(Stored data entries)
******

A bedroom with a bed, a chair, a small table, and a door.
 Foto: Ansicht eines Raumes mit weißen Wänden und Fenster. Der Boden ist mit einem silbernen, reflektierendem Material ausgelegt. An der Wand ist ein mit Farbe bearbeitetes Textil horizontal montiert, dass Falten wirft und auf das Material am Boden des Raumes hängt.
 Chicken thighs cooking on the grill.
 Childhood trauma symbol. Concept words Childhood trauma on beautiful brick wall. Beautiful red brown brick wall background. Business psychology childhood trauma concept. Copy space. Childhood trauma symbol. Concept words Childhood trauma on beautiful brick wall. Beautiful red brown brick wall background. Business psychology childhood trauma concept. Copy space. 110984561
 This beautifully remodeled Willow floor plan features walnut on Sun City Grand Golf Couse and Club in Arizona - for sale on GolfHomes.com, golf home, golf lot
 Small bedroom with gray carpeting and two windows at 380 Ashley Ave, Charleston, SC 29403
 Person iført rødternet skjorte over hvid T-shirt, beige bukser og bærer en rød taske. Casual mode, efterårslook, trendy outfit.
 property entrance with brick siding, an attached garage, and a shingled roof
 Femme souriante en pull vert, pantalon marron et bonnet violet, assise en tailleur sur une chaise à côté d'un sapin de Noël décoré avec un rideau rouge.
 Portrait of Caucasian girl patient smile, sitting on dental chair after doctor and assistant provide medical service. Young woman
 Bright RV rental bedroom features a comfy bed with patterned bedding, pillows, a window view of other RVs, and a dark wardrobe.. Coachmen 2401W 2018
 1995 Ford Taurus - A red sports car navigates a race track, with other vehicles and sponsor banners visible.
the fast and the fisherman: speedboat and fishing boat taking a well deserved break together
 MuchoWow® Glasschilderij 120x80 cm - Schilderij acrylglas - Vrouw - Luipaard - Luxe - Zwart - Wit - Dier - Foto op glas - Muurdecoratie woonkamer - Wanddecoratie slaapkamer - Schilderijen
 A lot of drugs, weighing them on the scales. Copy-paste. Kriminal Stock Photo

******

Look through the lines above for "features". Say how many have it, and give no other words.

• **Solution below**: 2